Linuxkit on AWS, with Terraform

The container revolution is well underway. The Dockeristas swept from their coastal hideouts to infiltrate and disrupt even the most entrenched orders of the old establishment. The democratisation of containers is almost complete and whilst battles rage over cloud orchestration, a new bearded general enters stage-left in the form of Linuxkit. Unassuming and relatively unheralded, Linuxkit could end up providing the bridge between containers and microkernels.

A containerised application is bundled with everything it needs in the way of system libraries and software packages. So why bother replicating those libraries in the host OS? Not only does this mean shifting more bits around, it also leads to an increased surface area for attacks.

Linuxkit provides the ability to build an extremely small distribution (~50m) stripped of everything but that which is required to run containers. The init system and all other userland system components (e.g. dhcp, sshd) are containers themselves and as such can be swapped out, or others be plugged in. The whole OS is immutable (unless data volumes are configured), and will run anywhere one finds silicon or a hypervisor: Windows, MacOS, IoT devices, the Cloud etc.

This article hopes to uncover some of the intimacies of Linuxkit, whilst explaining how to build and run one of these minimal distros on AWS using Terraform. The outcome will be an AMI from which we can create an EC2 instance that will run an SSH daemon, and little else.

A Linuxkit machine is represented as a yaml file, and built with the moby tool. Here is the yaml configuration for the machine we’ll build (to play along, paste this into a file called aws.yml):

kernel:
  image: linuxkit/kernel:4.9.39
  cmdline: "console=ttyS0"
init:
  - linuxkit/init:838b772355a8690143b37de1cdd4ac5db725271f
  - linuxkit/runc:d5cbeb95bdafedb82ad2cf11cff1a5da7fcae630
  - linuxkit/containerd:e33e0534d6fca88e1eb86897a1ea410b4a5d722e
  - linuxkit/ca-certificates:67acf038c44bb191ebb704ec7bb39a1524052cdf
onboot:
  - name: sysctl
    image: linuxkit/sysctl:d1a43c7c91e92374766f962dc8534cf9508756b0
  - name: dhcpcd
    image: linuxkit/dhcpcd:17423c1ccced74e3c005fd80486e8177841fe02b
    command: ["/sbin/dhcpcd", "--nobackground", "-f", "/dhcpcd.conf", "-1"]
  - name: metadata
    image: linuxkit/metadata:f5d4299909b159db35f72547e4ae70bd76c42c6c
services:
  - name: rngd
    image: linuxkit/rngd:1516d5d70683a5d925fe475eb1b6164a2f67ac3b
  - name: sshd
    image: linuxkit/sshd:5dc5c3c4470c85f6c89f0e26b9d477ae4ff85a3c
    binds:
     - /var/config/ssh/authorized_keys:/root/.ssh/authorized_keys
trust:
  org:
    - linuxkit
    - library

The moby tool will snaffle up this yaml and transmute it into a bootable image (such as an ISO).
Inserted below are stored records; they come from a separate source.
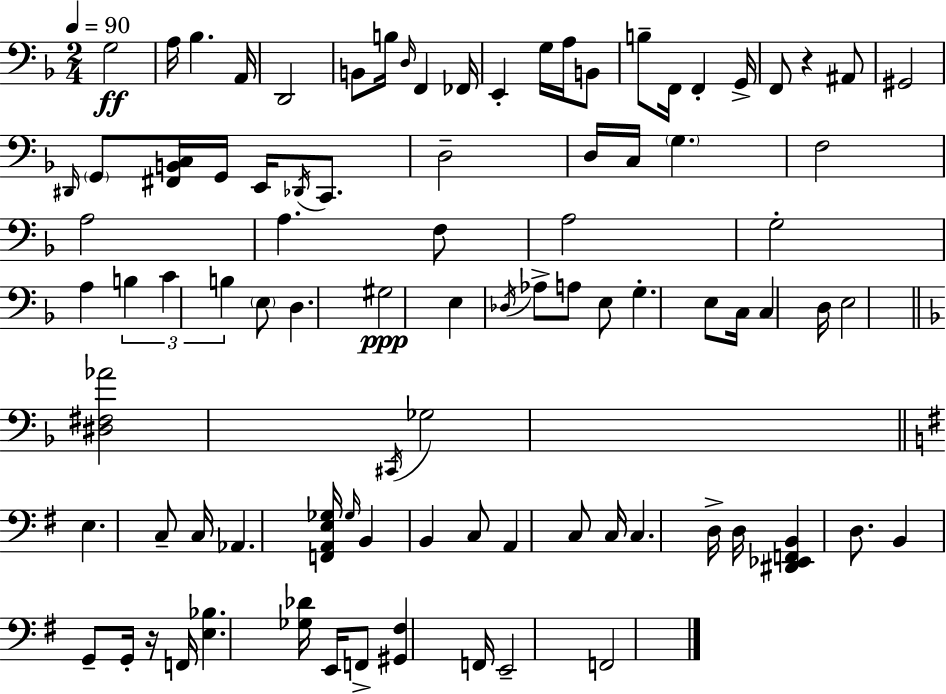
X:1
T:Untitled
M:2/4
L:1/4
K:F
G,2 A,/4 _B, A,,/4 D,,2 B,,/2 B,/4 D,/4 F,, _F,,/4 E,, G,/4 A,/4 B,,/2 B,/2 F,,/4 F,, G,,/4 F,,/2 z ^A,,/2 ^G,,2 ^D,,/4 G,,/2 [^F,,B,,C,]/4 G,,/4 E,,/4 _D,,/4 C,,/2 D,2 D,/4 C,/4 G, F,2 A,2 A, F,/2 A,2 G,2 A, B, C B, E,/2 D, ^G,2 E, _D,/4 _A,/2 A,/2 E,/2 G, E,/2 C,/4 C, D,/4 E,2 [^D,^F,_A]2 ^C,,/4 _G,2 E, C,/2 C,/4 _A,, [F,,A,,E,_G,]/4 _G,/4 B,, B,, C,/2 A,, C,/2 C,/4 C, D,/4 D,/4 [^D,,_E,,F,,B,,] D,/2 B,, G,,/2 G,,/4 z/4 F,,/4 [E,_B,] [_G,_D]/4 E,,/4 F,,/2 [^G,,^F,] F,,/4 E,,2 F,,2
This yaml describes a set of specialised containers plugged together in a Lego-esque fashion to build a very small OS with just enough nous to run other (normal) containers. What’s interesting here is the opportunity for innovation: a savvy developer could elect to write their own init system, add additional system components or even reduce the OS further (maybe they decide they don’t need containerd for instance).

It is divided into discrete sections, starting with the ‘kernel’ section that defines which kernel the OS should run. Each kernel is a Docker image containing the kernel along with a tarball of compiled modules. The kernels themselves are based on latest stable releases, with some patches back-ported from newer kernels. That same savvy developer is of course free to compile his or her own customised kernel should they see fit.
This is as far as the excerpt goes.